Amy Brill tells the poignant tale of a search for her grandfather's village on a Greek island.

By Amy Brill
Published April 7, 1998 7:00PM (EDT)

You should try to remember the name of the town you're in. I learned this one summer, island-hopping in the Greek Cyclades, browning in the sun and telling people I was there to find my grandfather's family. It's my mother's father I was talking about. He died when she was 9, and I don't know anything about him. I have several dead relatives I know nothing about, but only this one was from a balmy, languorous island set like an emerald in the clear Mediterranean. The rest were from Poland.

My search was not what I would call thorough. I didn't make inquiries before I arrived. I don't speak a work of Greek. I came armed with his name, the dates of his birth and death and the town he was born in. I could, at least, pronounce that. I had practiced. In fact, if I said only that, people sometimes thought I was from there -- an illusion that didn't last long.

It was midafternoon before I'd made it over on the ferry, gotten a bus into town and found a place to stay. I'd parked my bag on some nice woman's porch, and when I went back for it, she was sitting with somebody who looked like her father, or maybe her grandfather. I asked her, just for kicks, if she'd ever heard my grandfather's name.

"Makris," she repeated after me. "Makris."

It sounded different when she said it, and I tried to memorize the rolling "r" she put in.

She shrugged in my direction, but didn't look finished. People did that. If you didn't wait around, you missed the important part that was coming, and too bad for you.

"It was my grandfather," I said. "I'm looking for his family."

The woman looked at the man. She spoke to him in Greek. I understood "Makris."

He took a drink of something with ice. I heard it. That's how quiet this town was.

He spoke, then she turned back to me.

"My father says the name is from Galanado. You should go to Galanado."

I squinted at her.

"Galanado," she repeated. "Is here, is up there." She pointed up, toward the hills. I nodded and tried to repeat this word, so I would remember where I had to go.

She grinned and said it slowly: Ga-la-na-do.

She waved at me from where she stood on the porch. By the time I got back to the room I'd haggled for, I couldn't remember what she had just said. I went to the beach.
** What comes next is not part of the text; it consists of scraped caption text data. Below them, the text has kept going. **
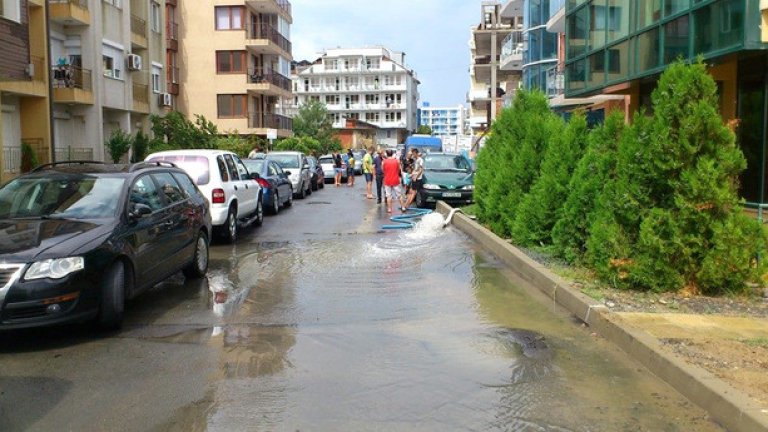 Созопол, 16 юли, 2014-та - прекрасната черноморска перла е известна с факта, че няма пречиствателна станция. Препълнената канализация и обилните валежи миналата година наводниха града. Да се надяваме, че тази година случката няма да се повтори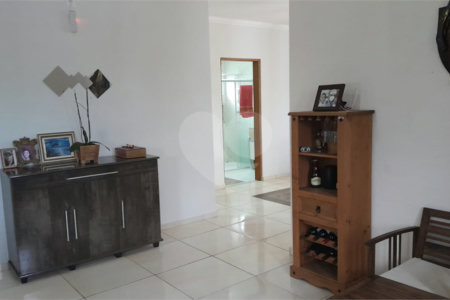 Chácara em Área Rural de Piracaia, com casa principal + 4 kitnets alugadas, excelente localização
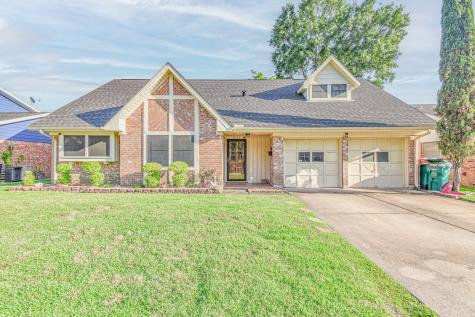 2004 N Fisher Court Pasadena TX 77502
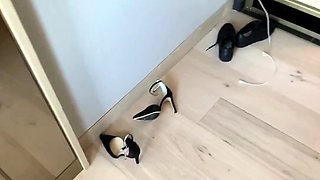 Peeping Tom Catches Chick Squirting in the Shower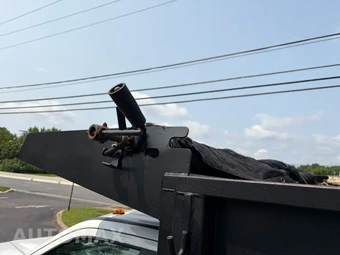 2017 Ford Super Duty F-450 Cab Chassis XL Regular Cab DRW - miniatura 71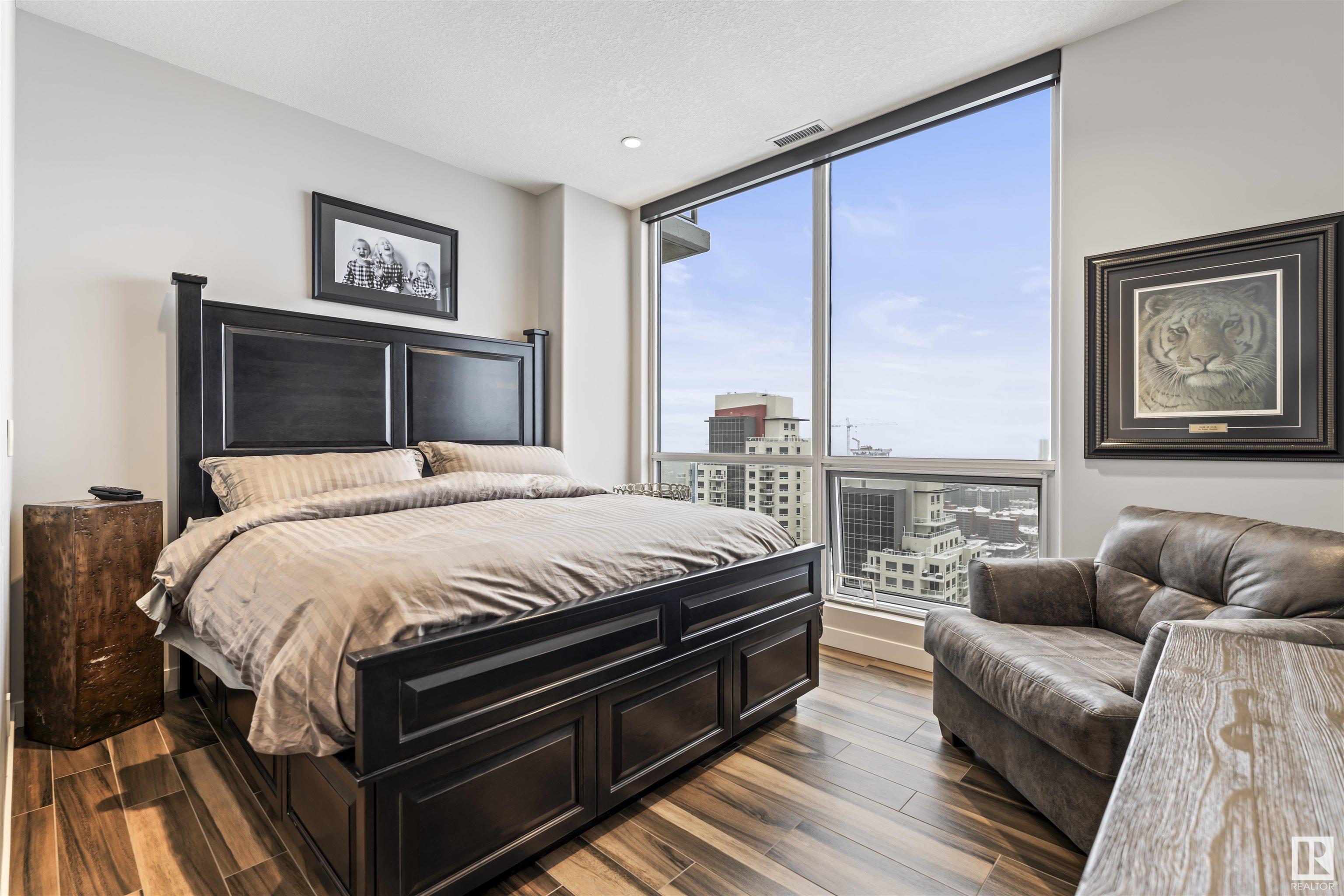      #3002 10238 103 ST NW , Edmonton,  ,T5J 0Y8 ;  Listing Number: MLS E4420477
- - - - - - - - - - - - - - - - - - - - - - -

The next day I woke early, drank a cup of strong Greek coffee -- don't ever call it Turkish -- and walked along the shuttered beachfront kiosks, stepping over animals asleep next to stairways and stilts. I'd spotted a bike rental place from the bus, and when I found it I checked out the mopeds parked outside. The gears looked crusty, like they'd been sunk and dredged up, but the ones without gears looked all right. The guy at the desk inside looked sleepy, and I felt sleepy, so I smiled. A dog trotted out from behind him. It wagged at me so I scratched its head and waited.

"Miki," the man said.

I put out my hand, and he looked at it. Then he pointed to the dog.

"Miki," he said again.

"Right." I dropped my hand back to the dog's head. "Hey, Miki," I said.

We agreed on a price for the moped I wanted, and I signed the paper and handed over my passport for collateral. He looked at the photo, then up at me.

"It's me," I said.

He pronounced my whole name out loud once, like a statement rather than a question. Then he handed it back to me and waved me out of the office.
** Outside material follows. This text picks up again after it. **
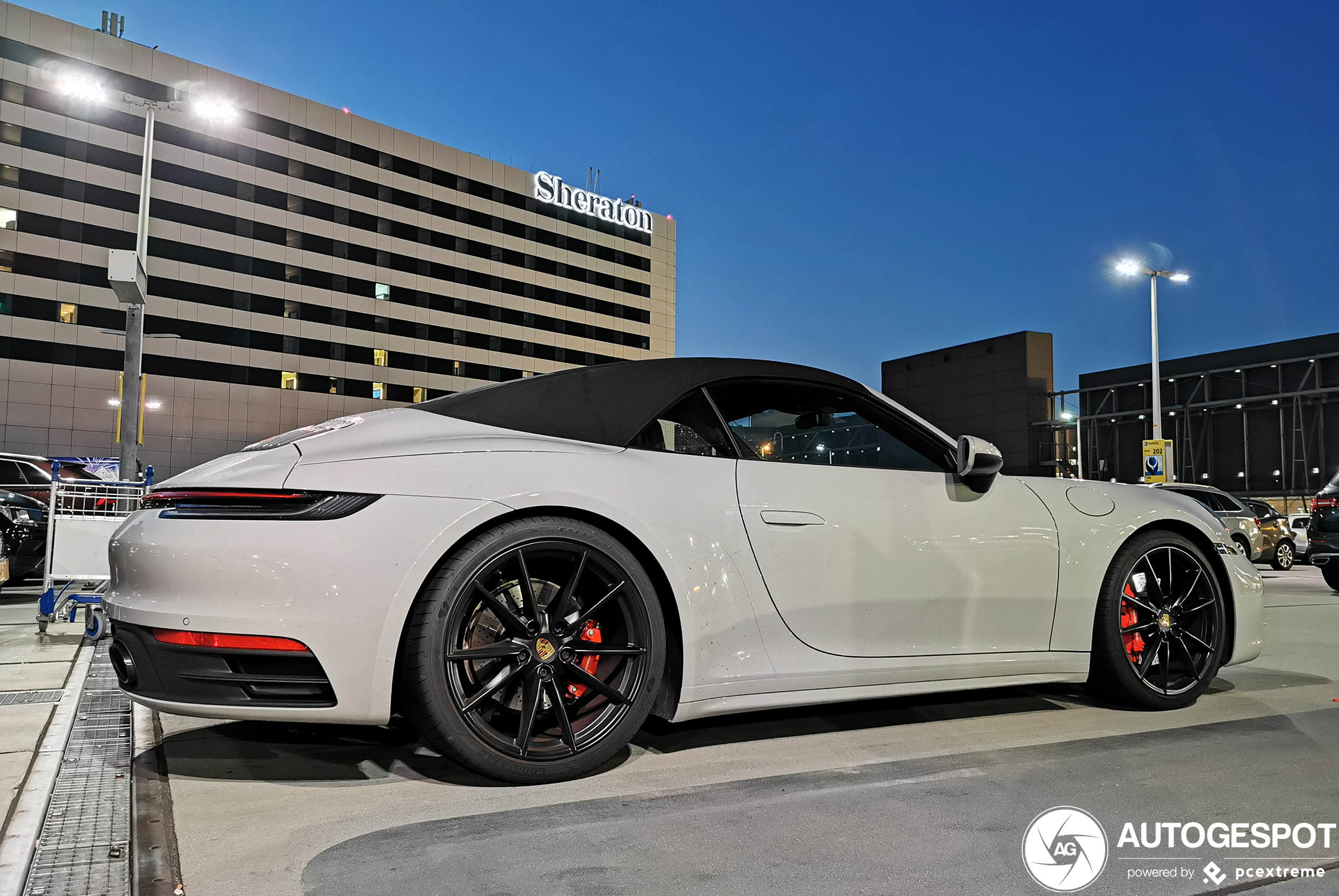 Porsche 992 Carrera 4S Cabriolet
On the road, I quickly began to doubt the wisdom of my idea. I weighed the ruinous condition of the tarmac against where it might lead: The green hills were etched, irresistibly vibrant, against the blue sky, every turn flashing some combination of grove and sea and cliff. I kept going. Maybe my grandfather had taken these roads as a child, I thought. When I came to a junction I looked at my map. Then I looked at the sign. There it was: Galanado.
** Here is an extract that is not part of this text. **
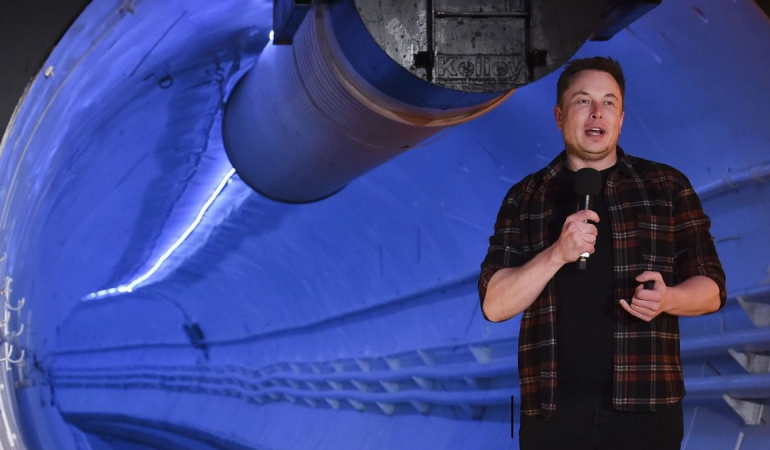 elon-musk-panama-kanali-icin-yer-altina-iniyor-1772857280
A half-dozen old men sat in the shade at the taverna, across from a market. They all stared when I parked the bike and got off, so I went into the market. The smell of sawdust made me want to buy bubble gum, but instead I read as best as I could from the grimy card I'd been carrying around for months. It said who I was supposed to be looking for. The woman behind the counter squinted at me, shrugged her shoulders. I tried again. She reached across and plucked it out of my hand.

"Ah!" she said, so pleased she clapped her hands together. "Kinotita d'marchio!" -- which sounded nothing like what I'd said. She called to her chubby son, who climbed onto a bicycle and began pedaling away. She motioned for me to follow him. The bright, white stones gleamed like cobbled teeth as I skittered after him on foot. No one answered the door he pointed to. Waiting in a patch of light, I listened to sounds from the open windows. An old woman kept peeking down at me.

A few minutes passed before a middle-aged woman approached. I stood up and brushed off.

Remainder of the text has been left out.